Task description:
Return an exact copy of the entries, skipping any picture you find.

(Short text fragments from websites)

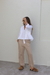 pantalon beige de poplin de algodón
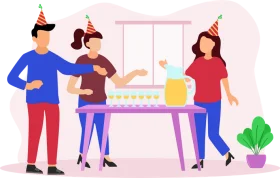 Cheerful Birthday Party Celebration Clipart with Friends and Cake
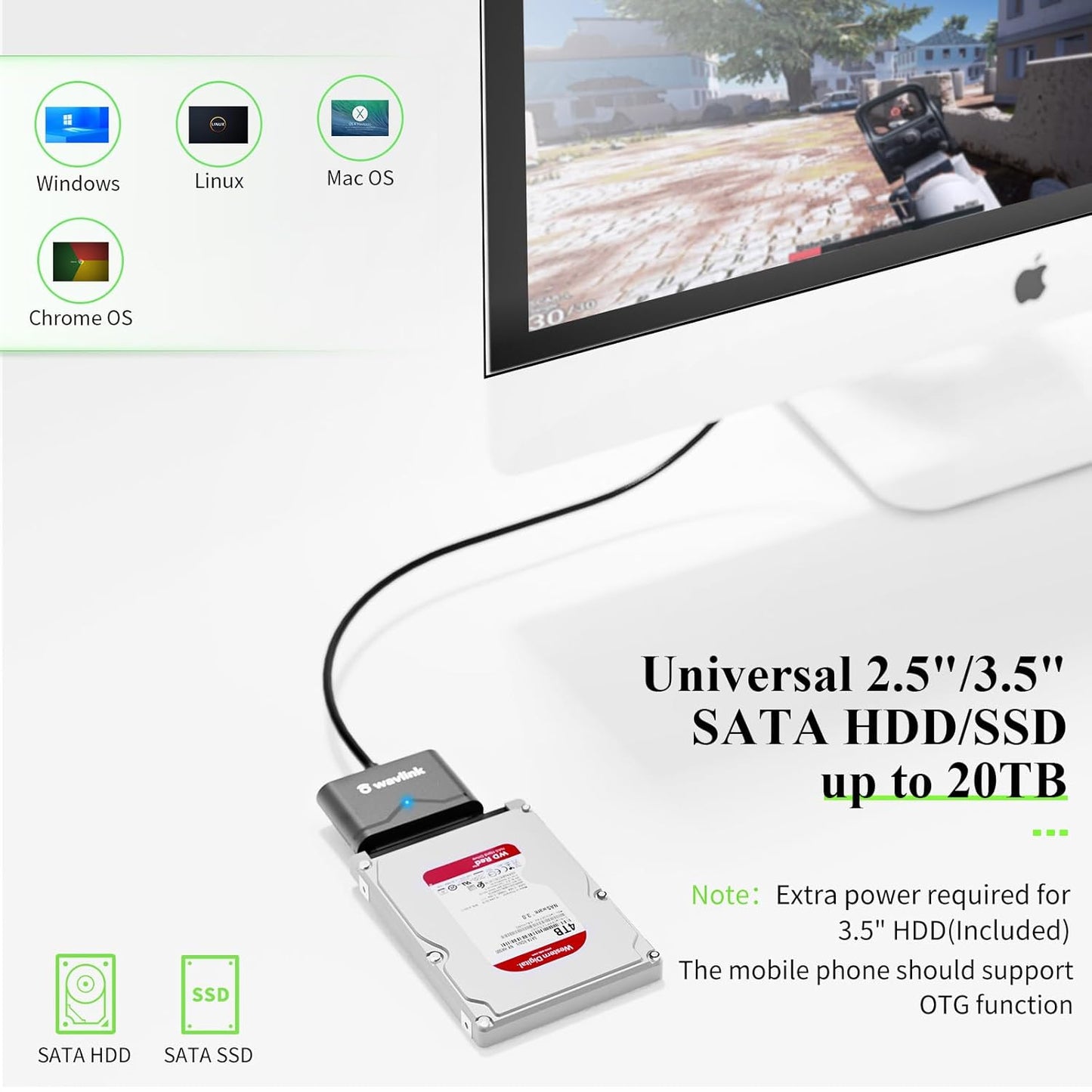 WAVLINK SATA to USB Type-A Hard Drive Cable, 5Gbps USB3.0 to Sata Cable Support UASP, External Hard Drive SATA I/II/III Connector 2.5" SSD/HDD and 3.5" HDD up to 20TB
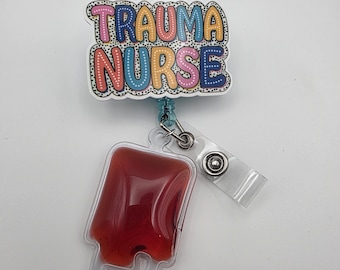 Carrete de insignias para bolsas de sangre de enfermero de traumatología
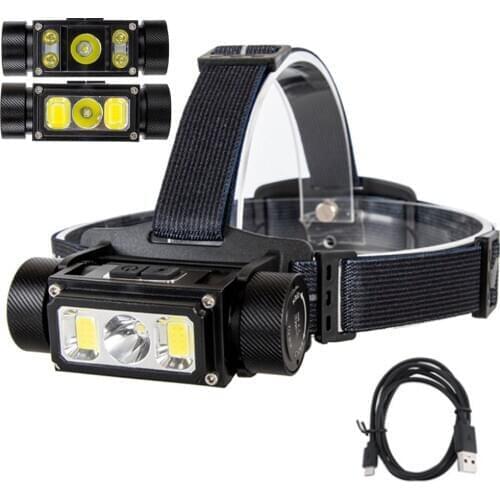 Ultra Bright XM-L L2 XPG COB LED Hunting Headlamp TYPE-C Rechargeable Work Light 21700 18650 Camping Head Torch Light Lantern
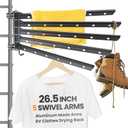 RV Clothes Drying Rack, 26.5-inch Width Ladder Mounted Clothes Drying Rack with 5 Swivel Arms, All Metal, Foldable Design, 90 LBS, RV Must Have for MotorHomes, Fifth Wheels, Trailers, Large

Written answer:
 pantalon beige de poplin de algodón
 Cheerful Birthday Party Celebration Clipart with Friends and Cake
 WAVLINK SATA to USB Type-A Hard Drive Cable, 5Gbps USB3.0 to Sata Cable Support UASP, External Hard Drive SATA I/II/III Connector 2.5" SSD/HDD and 3.5" HDD up to 20TB
 Carrete de insignias para bolsas de sangre de enfermero de traumatología
 Ultra Bright XM-L L2 XPG COB LED Hunting Headlamp TYPE-C Rechargeable Work Light 21700 18650 Camping Head Torch Light Lantern
 RV Clothes Drying Rack, 26.5-inch Width Ladder Mounted Clothes Drying Rack with 5 Swivel Arms, All Metal, Foldable Design, 90 LBS, RV Must Have for MotorHomes, Fifth Wheels, Trailers, Large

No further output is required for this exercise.